CSS staff met and rapidly mapped out a plan that would ensure that Schechter kids would have the same wonderful time and program they were promised, while also guaranteeing that the halakhic (Jewish customs and law) differences of each camp community would be preserved with integrity.
Having the opportunity to watch this up close was a privilege. Apart from the logistical complexity of accommodating an addition 120 people (campers and staff) and a second program with no lead time, Sam was concerned about how CSS campers would react to the news. After morning tefillah (prayer services) on Thursday morning, Sam began to make his case to the kids, checking his carefully scripted notes. His task was to state our commitment to helping and to living out our values and to get the kids on board with this sudden change. But as he began to do so, his voice was suddenly drowned out by the unexpected.
You see, as soon as he mentioned the fire and that this year SAC and CSS would hold camp together, a spontaneous and universal cheer went out from all Schechter campers. Fists were pumped in the air and a wave of joy spread through the amphitheater. Our kids were game.
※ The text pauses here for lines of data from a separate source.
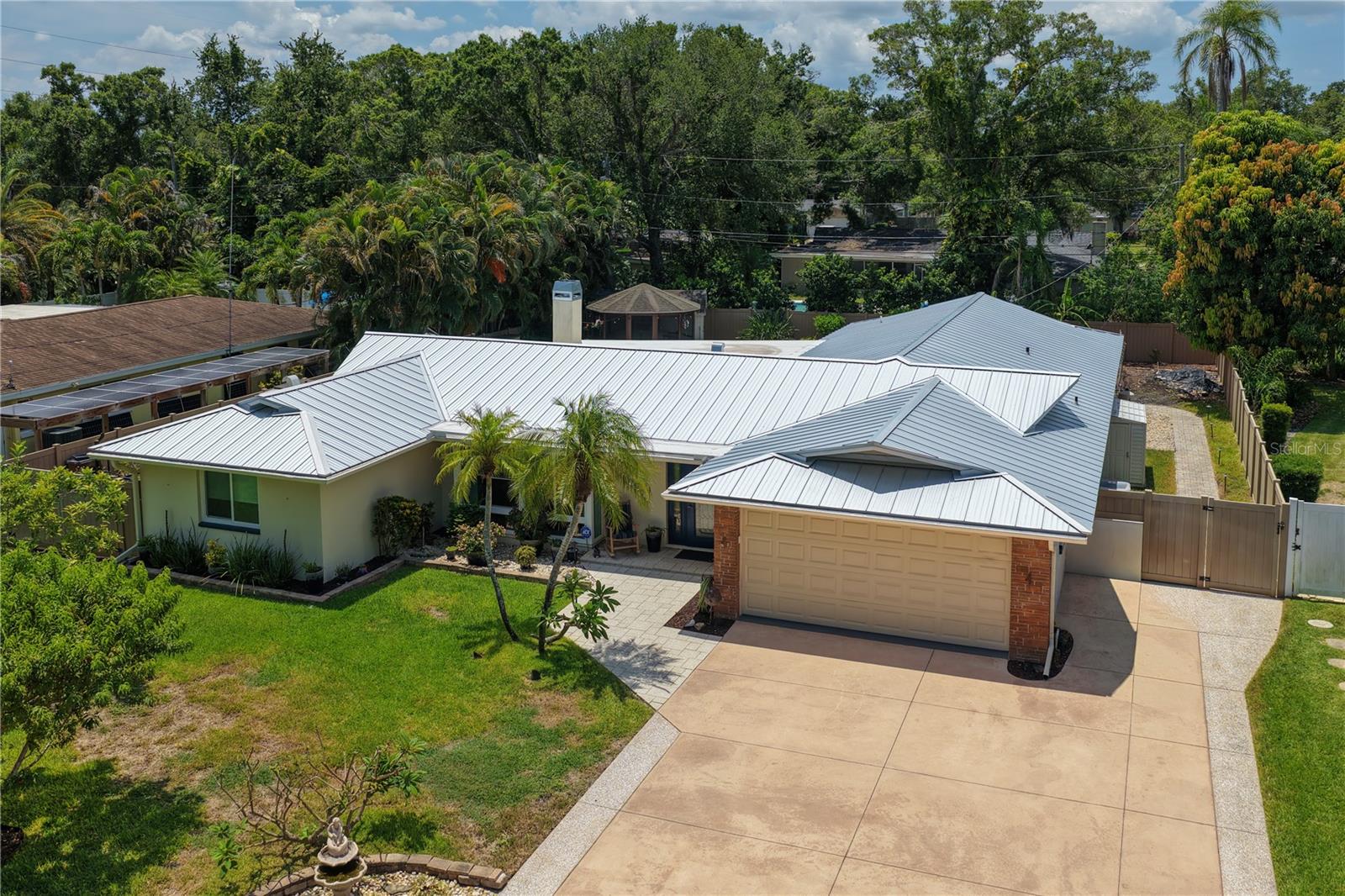 OAK PARK ESTATES 2ND ADD - Residential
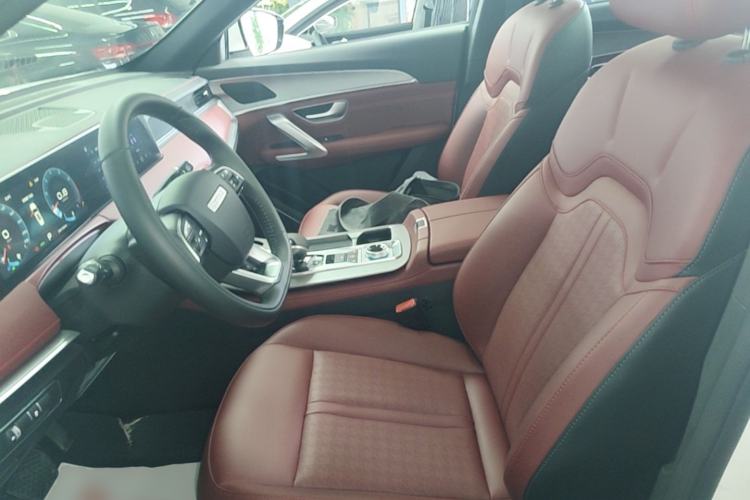 Used JETOUR X70 PLUS 2025 Champion Edition 1.5T DCT Champion PRO 5-Seater Left Front Seat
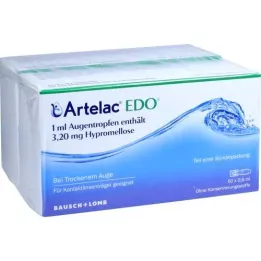ARTELAC EDO Gocce oculari, 120X0,6 ml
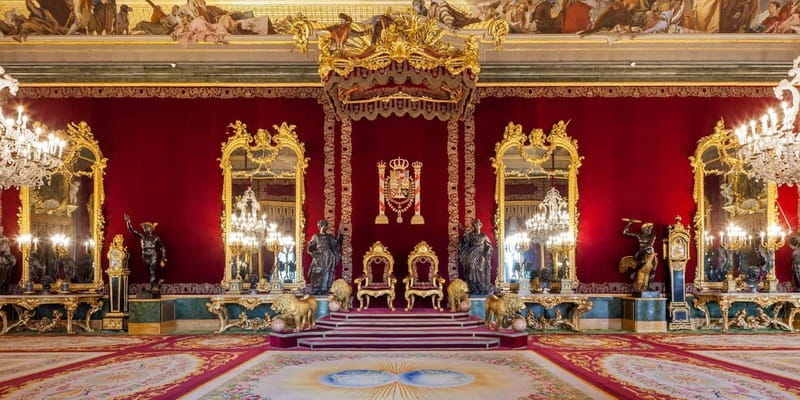 Madrid: Royal Palace Guided Tour Small Group or Private - Why this Royal Palace tour feels worth $43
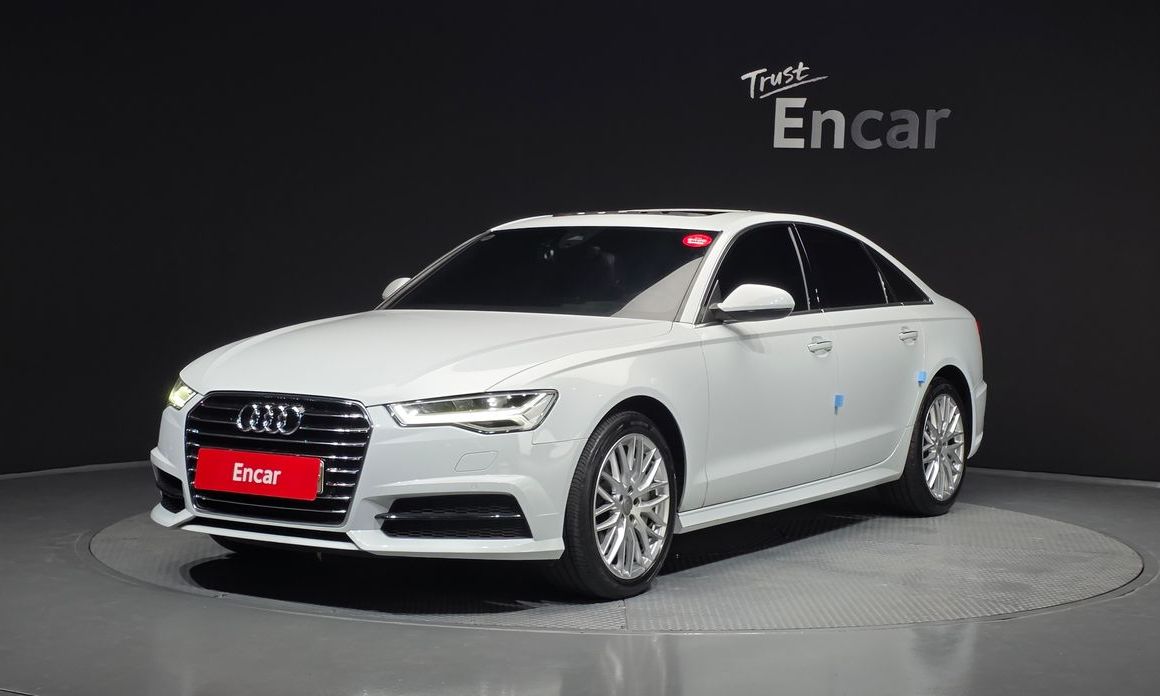 Audi A6 2018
They instinctively knew this was the right thing to do and were thrilled that their camp was walking its talk.
After the peal of excitement petered out, questions were asked and answers provided. Yes, camp would go on as planned. Yes, our CSS boys and girls could still dance together. No, SAC would make their own food that met their slightly different standards of kashrut. Yes, not only would you be allowed to talk to the other campers, but also we hope that you will form strong new friendships.
Across the world, a very different story of living together was playing out. Ten hours ahead of us at the Kotel, the Western Wall in Jerusalem, Women of the Wall held their monthly Rosh Hodesh services this morning to welcome in the new month of Av. Taunts and worse were screamed at the women, who were told, “you need to be exterminated like cockroaches.” Ultra-Orthodox women “hit, punched and kicked members of Women of the Wall” while the police looked on passively.
The irony could not be more heightened. After all, the month of Av marks the destruction of our holy Temple on account of “sinat hinam,” rampant hatred. Standing at the very remains of that Temple, we still have not learned our lesson. There’s a part of us that wants to brush off these despicable acts as somehow foreign to us or shrug them off as just another example of Middle Eastern intransigence or of the dangers of religious fundamentalism. Yet a recent New York Times exposé of bad behavior at Trump rallies forces us to acknowledge that the problem is all of ours.
Difference can be frightening. Change can be upsetting. Negotiation across the divide can be painful. Simultaneously, all of these sorts of hardships create possibility. You have to be endowed with a certain moral vision to see the opportunity. You have to possess a certain moral character to act on that vision. I ache for the moral failings of my nation and for my homeland.
Today, though, that pain is not at the center of my vision. A bunch of campers and their director are–and I am grateful.